Keine Gnade für Kremlkritiker

"Inszenierung des Kreml"

Gegen den profilierten Putin-Gegner und ausdauernden Kämpfer gegen Korruption laufen in Russland mehrere Verfahren. Als Blogger war Nawalny seit 2007 durch seine kritischen Recherchen zu dubiosen Geschäftspraktiken russischer Großkonzerne zu Bekanntheit gelangt. Seine Auftritte während der Proteste nach der umstrittenen Parlamentswahl im Dezember 2011 und gegen die Wiederwahl von Präsident Wladimir Putin im Mai 2012 machten ihn auch im Ausland bekannt. Nawalny war einer der Organisatoren der Massenproteste gegen Putin. Er weist die gegen ihn erhobenen Vorwürfe als politische Inszenierung des Kreml zurück. Auch andere Oppositionelle sprachen von einem Schauprozess. Sie sehen Präsident Putin als treibende Kraft hinter dem Richterspruch, der damit einen seiner ärgsten Widersacher kaltstellt.

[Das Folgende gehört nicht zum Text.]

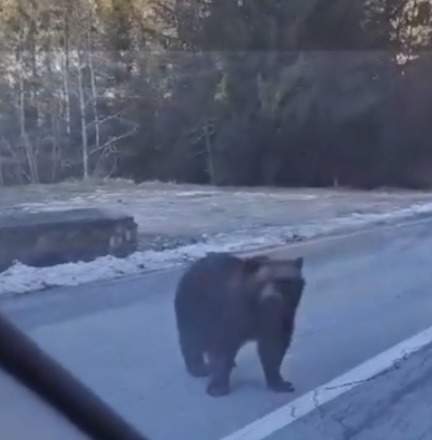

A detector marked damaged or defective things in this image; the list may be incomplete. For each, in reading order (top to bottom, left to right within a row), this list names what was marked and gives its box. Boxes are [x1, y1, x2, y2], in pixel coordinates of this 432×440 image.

cracked pavement [0, 218, 432, 438] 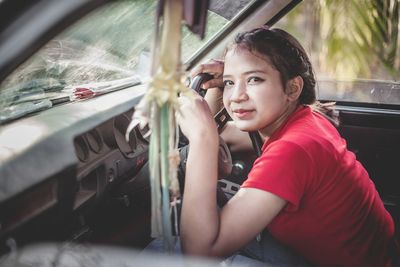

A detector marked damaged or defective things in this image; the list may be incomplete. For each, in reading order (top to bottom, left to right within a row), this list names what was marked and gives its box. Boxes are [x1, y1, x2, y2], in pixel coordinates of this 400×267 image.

cracked windshield [0, 0, 247, 124]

Sehnsüchte der Mittelschicht

Der charismatische Aktivist gilt als heimlicher Held der modernen Mittelklasse, die sich nach einem anderen Russland sehnt als jenem, in dem Oppositionelle ausgeschaltet, Demonstranten verhaftet und kritische Journalisten mundtot gemacht werden. In der Hauptstadt Moskau hat Nawalny seine größte Anhängerbasis, in ländlichen Gegenden ist er weniger bekannt. Umfragen zufolge kennt ihn jeder dritte Russe.

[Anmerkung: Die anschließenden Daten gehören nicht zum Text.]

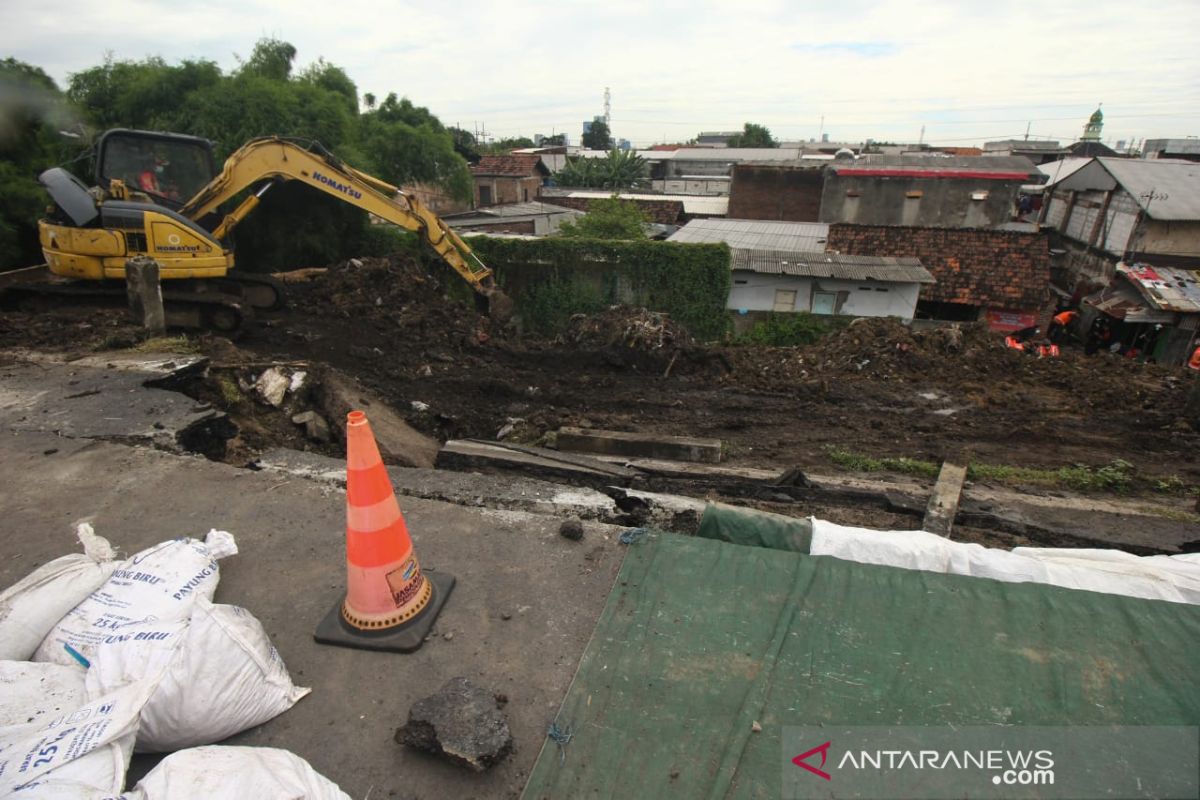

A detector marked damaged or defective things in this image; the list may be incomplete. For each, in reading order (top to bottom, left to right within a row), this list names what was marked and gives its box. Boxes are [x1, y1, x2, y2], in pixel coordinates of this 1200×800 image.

rusty metal roof [724, 253, 931, 287]
broken concrete chunk [253, 367, 290, 407]
broken concrete chunk [559, 515, 583, 542]
broken concrete chunk [396, 681, 513, 772]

Der Schuldspruch war absehbar, dennoch war das Urteil in Kirow rund 900 Kilometer nordöstlich von Moskau in Russland mit Spannung erwartet worden. Es gilt als als Gradmesser für den Umgang mit Andersdenkenden. Das Medieninteresse war riesig. Mehr als 100 Journalisten versammelten sich bereits Stunden vor der Urteilsverkündung vor dem Gerichtsgebäude.

Kaltgestellt

Mit dem Urteil verliert Nawalny das Recht auf politische Betätigung. Präsident Putin hat Anfang dieses Jahres ein Gesetz in der Duma eingebracht, dass Vorbestraften verbietet, bei Wahlen zu kandidieren. Nawalny war am Mittwoch als Kandidat zur Bürgermeisterwahl in Moskau zugelassen worden, hätte aber nur im Fall eines Freispruchs antreten dürfen. Die Abstimmung findet am 8. September statt - ohne Nawalny.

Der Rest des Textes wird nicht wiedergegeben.